“I consider my Duo for Flute and Piano (written in 1972) to be something of a milestone in my composing. It emerged fully formed from a part of me with which I wasn’t at the time very familiar. It whispered, it cried, it shrieked, when on the surface I had no idea that I was doing any of those things. As has been the case for more than thirty years of composing, my music consistently reveals things to me in advance of their arrival in conscious mind. If the Duo revealed pain and depression, it also revealed a search into mystery, a love of the beautiful, and a penchant for formal construction and precision of detail- all issues which have occupied me in the intervening years, issues which have been the premise of a composer’s life.

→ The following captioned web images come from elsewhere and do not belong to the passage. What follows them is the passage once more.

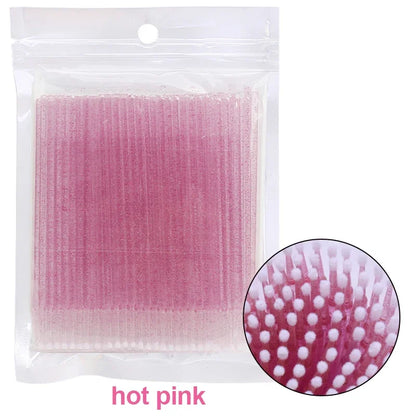 100PCS Eyelash Cleaning Brushes – Micro Cotton Swabs for Lash Extensions & Makeup Removal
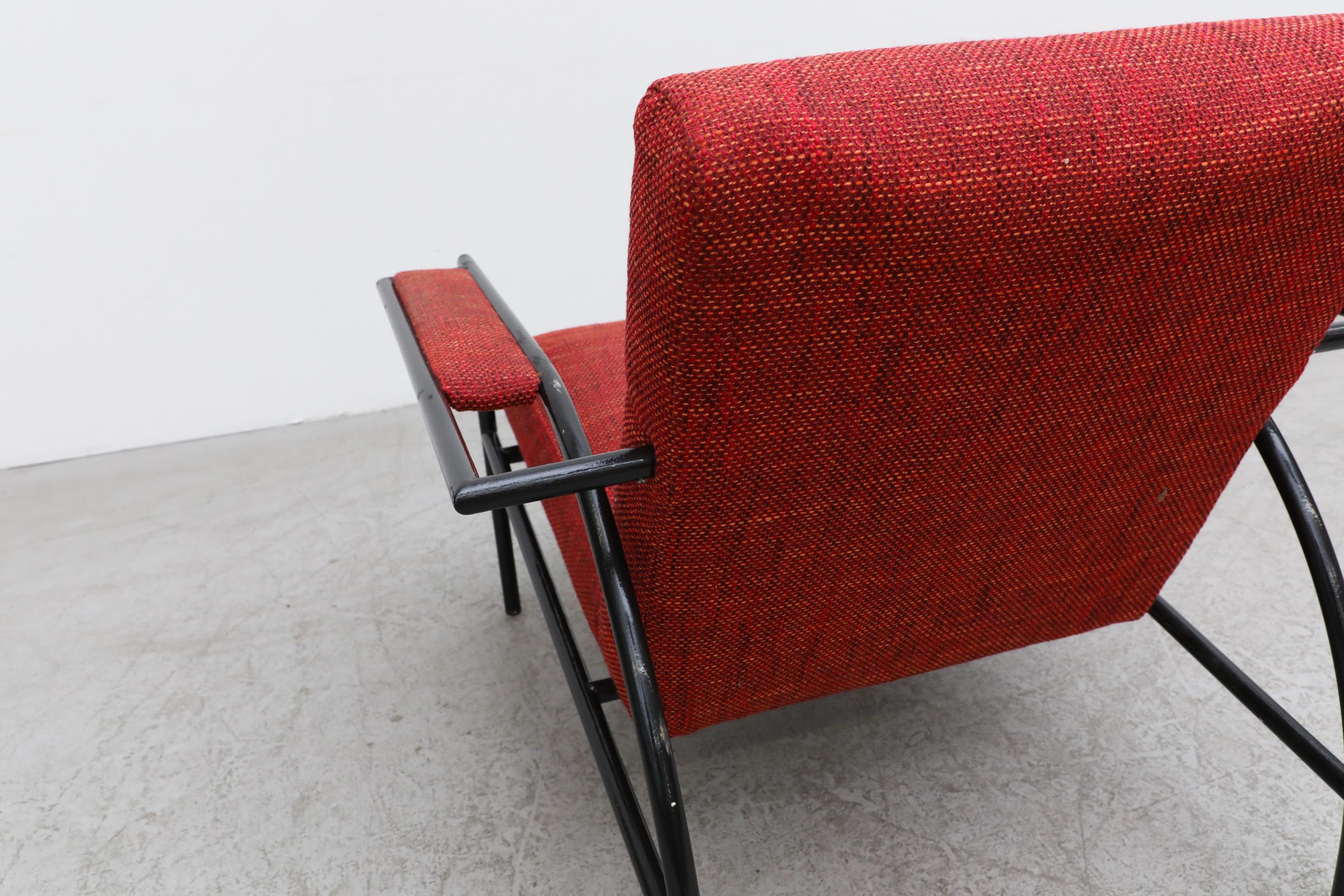 Gerard Vollenbrock Red Lounge Chair with Black Frame for Gelderland, 1980's For Sale 3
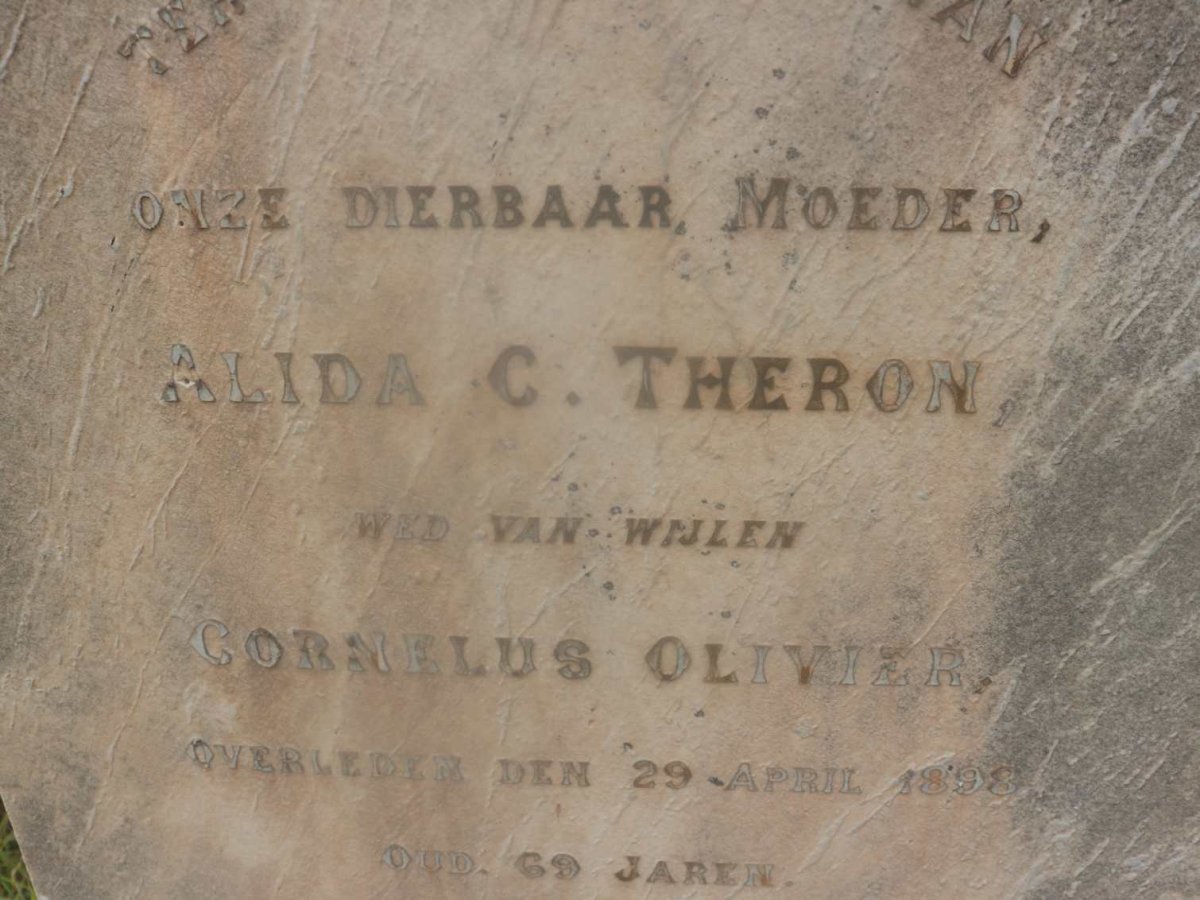 THERON Alida C. weduwee OLIVIER -1898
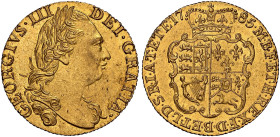 George III, 1760-1820. 

AV Guinea, 1785. Fourth laureate bust right, rev. crowned shield of arms. F 1240; MCE 389; S.3728.
NGC MS 61+ (2169834-029...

“The Duo is in six sections with a coda. Three of these sections bear the heading ‘a mystery,’ referring in whatever way to the great mysteries of the universe and of life. Following the opening ‘mystery’ is an ‘interlude’ for piano solo. The right hand spins an elaborately decorated melody over a sparse accompaniment in the left hand. This ’spinning out’ has its roots mainly in the keyboard music of J. S. Bach. The title of the next section, ‘a sore point; or: a touchy question; or: the unanswered question put another way,’ owes a nod to Charles Ives’ The Unanswered Question.

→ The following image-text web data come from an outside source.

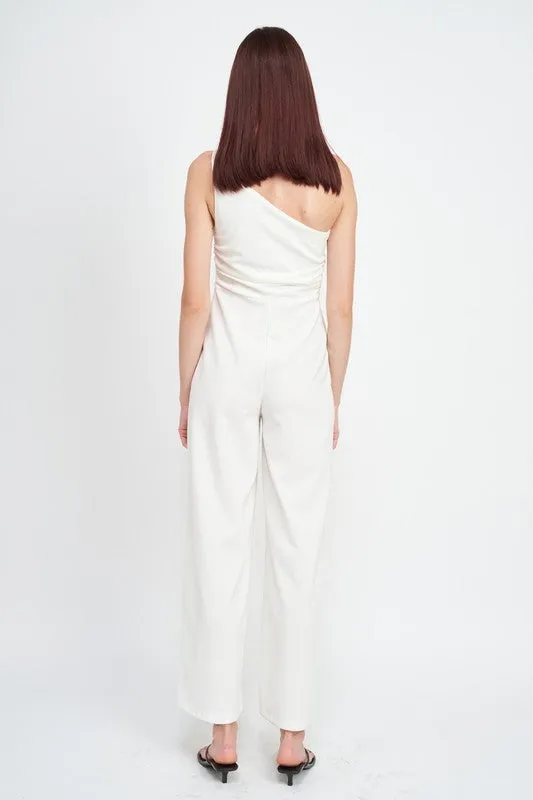 Wide Leg One Shoulder Jumpsuit
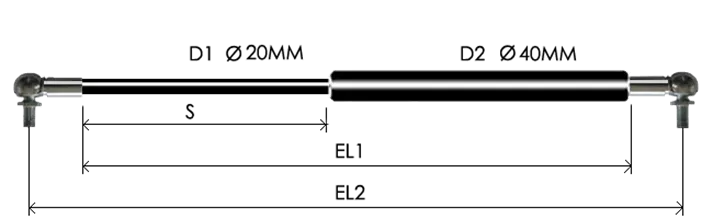 2040-GS part # 843, Angle ball joint ends A14 — assembled spring drawing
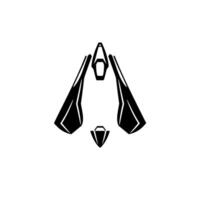 Abstract Black and White Geometric with a Central Hexagonal Figure and Flared Wings on a White Background. vector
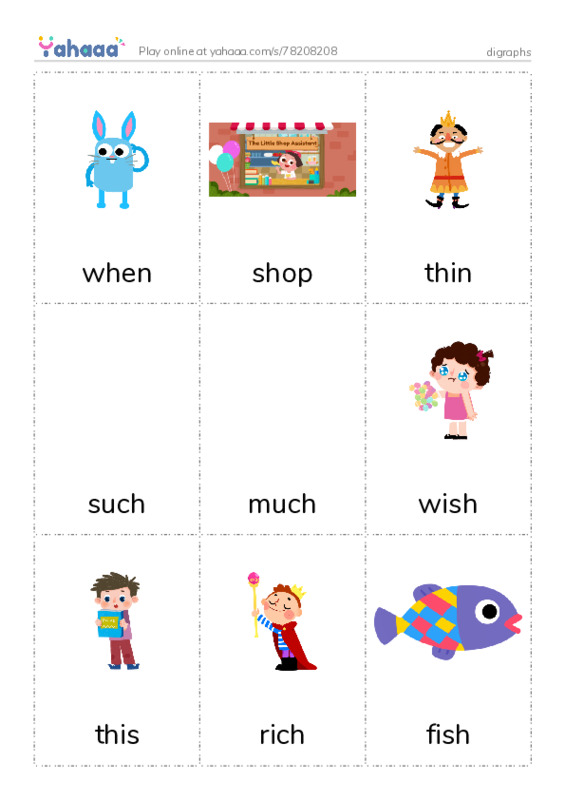 Picture flashcards worksheet for digraphs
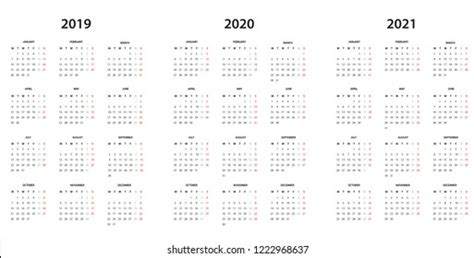 Calendar 2019 2020 2021 Simple Template Stock Vector Royalty Free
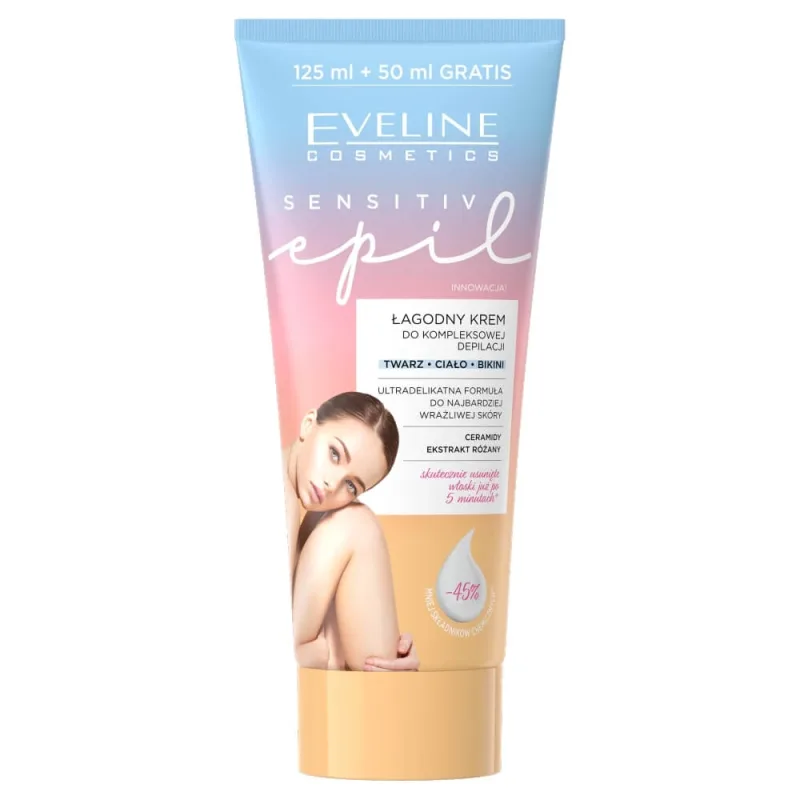 Eveline Sensitive Epil Cremă de epilare delicată și completă, 175 ml — preț și oferte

This music is obsessive, insistent, and clangorous. It goes farther than the listener is comfortable in going, but in so doing, breaks the bonds of anger. The harmonic language is tonal but extremely dissonant. The second ‘mystery’ is a quiet soliloquy for flute with a very sparse backdrop of piano chords. The sound of the Japanese shakuhachi flute is an important influence on this music. A clear C tonality is evident. A ‘fanfare’ of some length leads into the third ‘mystery,’ which is a distant music, having the quality of a candle flame, that is, placid on the surface, yet filled with an inner life. It fades into the coda, which refers to material from the ‘fanfare’ and the ‘interlude.’ There is a gasping, choked quality in the flute, and a dead finality in the piano. The piece ends in a grey and lonely stalemate.”